A recent report from the TD Bank showed that the debt of non financial corporations in Canada rose sharply from 2010 to 2018, reaching 118.7% of GDP, one of the highest ratios in the world’s advanced economies. The new debt was not mainly used to finance new job-creating investments in research or new plant and equipment, which was very weak over the past decade.
Much of the debt was instead used to distribute wealth to shareholders, in the form of higher dividends, share buy backs (which reduce the number of shares, boosting stock prices) and to finance lucrative stock options packages for CEOs and senior management.
The government is quite aware of this, and promises that such practices will be severely limited for companies being granted loans from the new facility. This is commendable, and also reflects lobbying and petitions by Canadians for Tax Fairness and the Broadbent Institute.
The government has also promised, rather vaguely, to require companies receiving loans to change corporate tax arrangements which hurt Canada. This is too little, too late, but still a step forward.
A major problem with the new program is that it is a loan instrument, whereas there are circumstances in which it would make much more sense to take up an equity position ie a public ownership share. This would mean that a turnaround in corporate fortunes down the road would reward taxpayers for the risk taken via an increase in share prices. Equity also means that the public would, in many cases, have board representation and with it access to information and the ability to shape corporate behaviour.

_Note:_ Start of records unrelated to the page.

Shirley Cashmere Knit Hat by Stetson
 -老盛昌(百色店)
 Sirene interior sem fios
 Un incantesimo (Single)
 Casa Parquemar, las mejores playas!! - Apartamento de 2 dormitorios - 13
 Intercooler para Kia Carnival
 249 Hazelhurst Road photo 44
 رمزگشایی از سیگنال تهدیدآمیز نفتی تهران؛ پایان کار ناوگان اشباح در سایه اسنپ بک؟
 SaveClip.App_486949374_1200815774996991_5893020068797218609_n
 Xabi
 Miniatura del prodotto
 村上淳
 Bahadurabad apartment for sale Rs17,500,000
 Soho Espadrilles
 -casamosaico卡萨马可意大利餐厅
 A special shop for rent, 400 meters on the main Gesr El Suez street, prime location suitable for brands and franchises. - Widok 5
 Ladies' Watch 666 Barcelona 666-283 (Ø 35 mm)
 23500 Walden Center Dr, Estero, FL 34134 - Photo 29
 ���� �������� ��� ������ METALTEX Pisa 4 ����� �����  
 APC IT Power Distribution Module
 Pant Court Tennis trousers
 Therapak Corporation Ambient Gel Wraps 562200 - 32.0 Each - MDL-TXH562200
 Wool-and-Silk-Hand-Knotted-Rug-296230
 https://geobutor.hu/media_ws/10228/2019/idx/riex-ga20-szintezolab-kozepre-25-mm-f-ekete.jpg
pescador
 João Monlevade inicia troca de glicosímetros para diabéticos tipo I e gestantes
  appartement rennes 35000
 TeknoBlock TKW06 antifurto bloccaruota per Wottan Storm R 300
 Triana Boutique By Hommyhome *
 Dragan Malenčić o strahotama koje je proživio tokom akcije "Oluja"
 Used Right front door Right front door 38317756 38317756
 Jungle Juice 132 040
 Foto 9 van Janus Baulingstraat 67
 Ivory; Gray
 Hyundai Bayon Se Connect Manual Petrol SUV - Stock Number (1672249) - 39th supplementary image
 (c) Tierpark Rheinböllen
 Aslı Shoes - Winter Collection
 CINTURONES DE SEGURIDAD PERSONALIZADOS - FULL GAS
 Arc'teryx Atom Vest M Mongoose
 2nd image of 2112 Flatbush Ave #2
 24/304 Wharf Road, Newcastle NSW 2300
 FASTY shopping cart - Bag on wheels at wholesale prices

In Europe, as in North America, the airlines are in deep trouble. But some countries are taking an equity position in return for financial aid, as in the case of Germany and Lufthansa.
Another potential problem with the new program is that it will explicitly treat all sectors equally. But some sectors are more highly indebted than others, with oil and gas and real estate leading the way, again as shown by the TD Bank report. And not all sectors make an equal contribution to our longer term economic prospects.
In the case of commercial estate, there are very few direct jobs to be saved. If highly indebted corporations go under, the office buildings and malls will still be standing.
In the case of oil and gas, many experts and observers would judge that new loans are highly likely to incur large losses and to accomplish little since resource prices are so depressed, and since much of the world is in transition to carbon free energy. Workers in the sector need massive investments to create new jobs in clean energy much more than a costly corporate bailout.
Canada needs to look beyond the immediate crisis to identify the key building blocks of a new economy on a sector by sector basis. Where it makes sense to do so, we should be extending public ownership, and not just providing loans to struggling companies.